Start of SOURCE MATERIAL

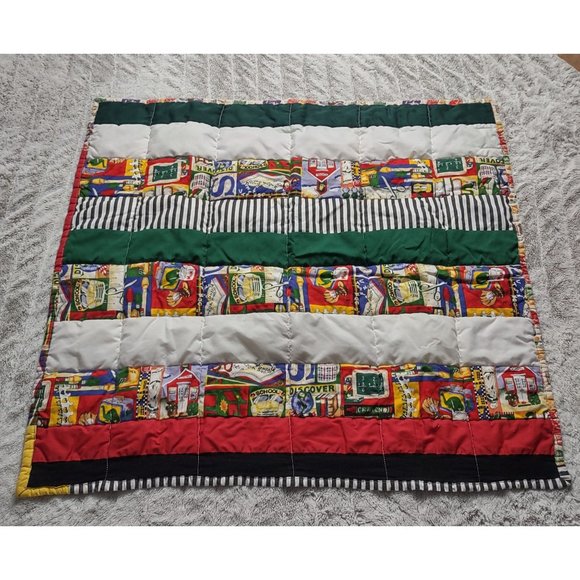 PROJECT LINUS QUILTED CHILDS schoolhouse Quilt Wall Throw - Picture 2 of 8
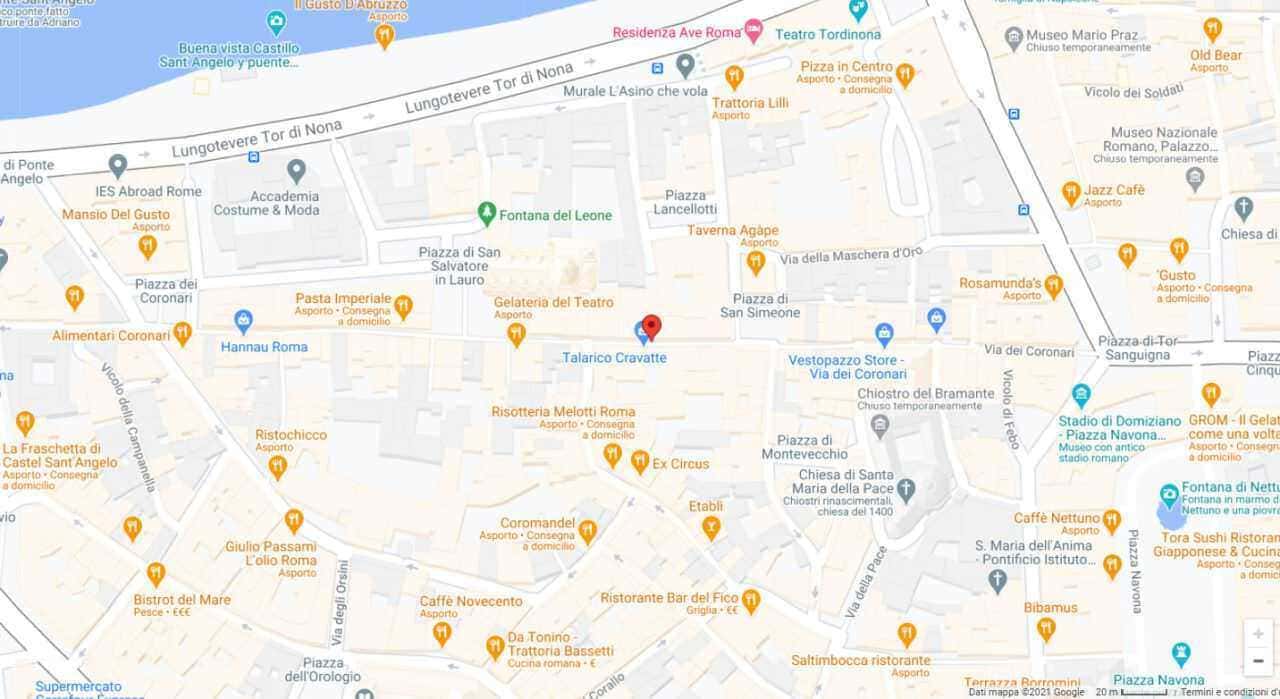 Via dei Coronari negozi e rosari a Roma. mappa della strada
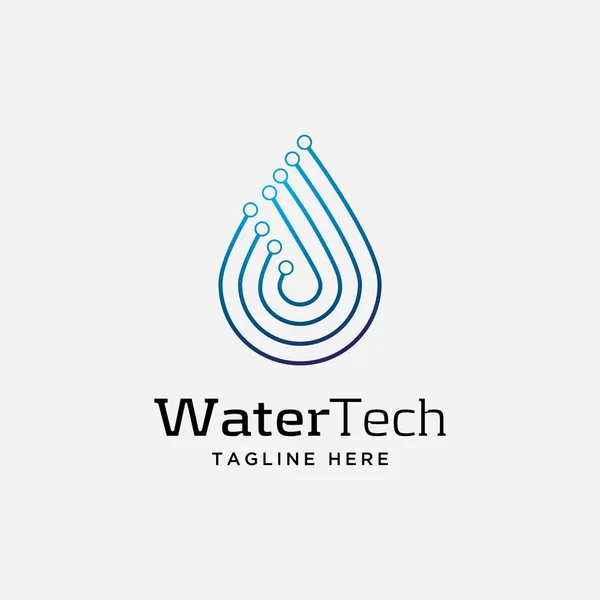 Su teknolojisi logo tasarım şablonu. Vektör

End of SOURCE MATERIAL

THE PROBLEM
Word for word, retype all of the data above, but include no pictures.

ANSWER FOR THE TASK
 PROJECT LINUS QUILTED CHILDS schoolhouse Quilt Wall Throw - Picture 2 of 8
 Via dei Coronari negozi e rosari a Roma. mappa della strada
 Su teknolojisi logo tasarım şablonu. Vektör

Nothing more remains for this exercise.